A directory's path_macro can be a single string (used everywhere) or a per-platform mapping when the right path differs across operating systems. Use this when a workspace is shared between collaborators on Linux, macOS, and Windows and the directory needs a different absolute location on each.

directories:
  scratch:
    path_macro:
      linux: "/mnt/fast-scratch"
      darwin: "/Volumes/scratch"
      windows: "D:/scratch"
      default: "{workspace_dir}/scratch"

At resolution time, the engine picks the entry matching the current platform (linux, darwin, or windows). If the active platform's key is unset, it falls back to default.
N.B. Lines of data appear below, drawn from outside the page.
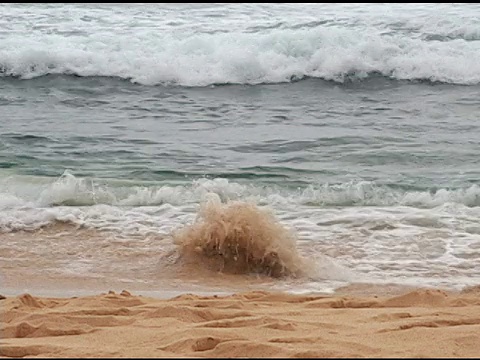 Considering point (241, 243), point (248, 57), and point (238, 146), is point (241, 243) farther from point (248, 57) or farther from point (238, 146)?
point (248, 57)

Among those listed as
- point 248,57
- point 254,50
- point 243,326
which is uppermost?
point 254,50

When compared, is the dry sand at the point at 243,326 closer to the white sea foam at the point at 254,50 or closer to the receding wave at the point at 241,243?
the receding wave at the point at 241,243

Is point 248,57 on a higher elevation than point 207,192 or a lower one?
higher

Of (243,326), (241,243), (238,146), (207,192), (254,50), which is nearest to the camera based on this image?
(243,326)

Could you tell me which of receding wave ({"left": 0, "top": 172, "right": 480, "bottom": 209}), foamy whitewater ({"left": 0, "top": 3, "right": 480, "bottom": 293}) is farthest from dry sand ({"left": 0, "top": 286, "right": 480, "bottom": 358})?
receding wave ({"left": 0, "top": 172, "right": 480, "bottom": 209})

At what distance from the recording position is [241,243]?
602 cm

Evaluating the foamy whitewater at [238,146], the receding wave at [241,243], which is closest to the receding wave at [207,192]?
the foamy whitewater at [238,146]

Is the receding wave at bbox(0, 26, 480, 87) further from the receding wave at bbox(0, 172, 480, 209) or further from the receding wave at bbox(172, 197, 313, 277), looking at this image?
the receding wave at bbox(172, 197, 313, 277)

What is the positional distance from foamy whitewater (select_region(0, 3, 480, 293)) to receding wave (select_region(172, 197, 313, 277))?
1 cm

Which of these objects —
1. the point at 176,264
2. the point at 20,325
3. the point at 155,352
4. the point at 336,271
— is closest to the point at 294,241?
the point at 336,271

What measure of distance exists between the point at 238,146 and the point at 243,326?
7.05 m

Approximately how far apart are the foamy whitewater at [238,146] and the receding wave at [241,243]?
0.04 ft

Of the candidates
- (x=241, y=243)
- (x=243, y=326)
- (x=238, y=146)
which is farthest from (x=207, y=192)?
(x=243, y=326)

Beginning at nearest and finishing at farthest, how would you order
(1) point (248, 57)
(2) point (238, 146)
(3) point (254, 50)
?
(2) point (238, 146)
(1) point (248, 57)
(3) point (254, 50) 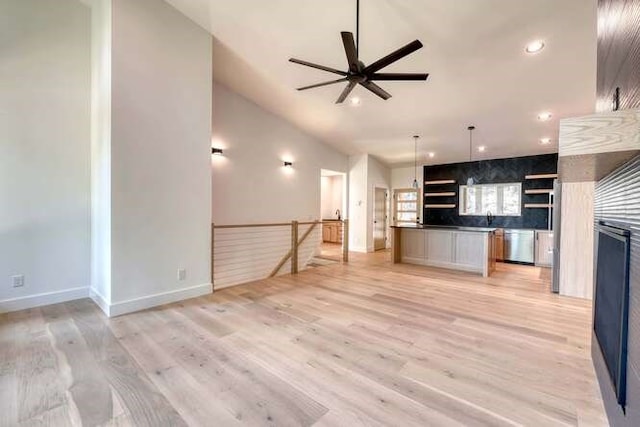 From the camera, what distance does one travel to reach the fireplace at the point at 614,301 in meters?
1.20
At least one of the four keys must be supplied; otherwise the project fails validation.

directories:
  models:
    path_macro:
      darwin: "~/Library/Caches/models"
      default: "{workspace_dir}/.models"

Per-platform values support the same syntax as the string form — tilde expansion, environment variables, and macros all work the same way per platform.

The mapping is atomic during overlay merges: a child template that supplies a per-platform mapping fully replaces the parent's path_macro, rather than merging key-by-key. To keep one platform's value while overriding another, restate every key you want kept.

Reserved names

Directory names are reserved across the entire variable namespace. You cannot use a directory name as a user-supplied variable in a macro call — the system will return an error if you try. This protects against accidentally overriding a directory path through a variable name collision.

The builtin variables (project_dir, workspace_dir, workflow_name, workflow_dir, static_files_dir) are also reserved and cannot be overridden. See Environment & Builtin Variables.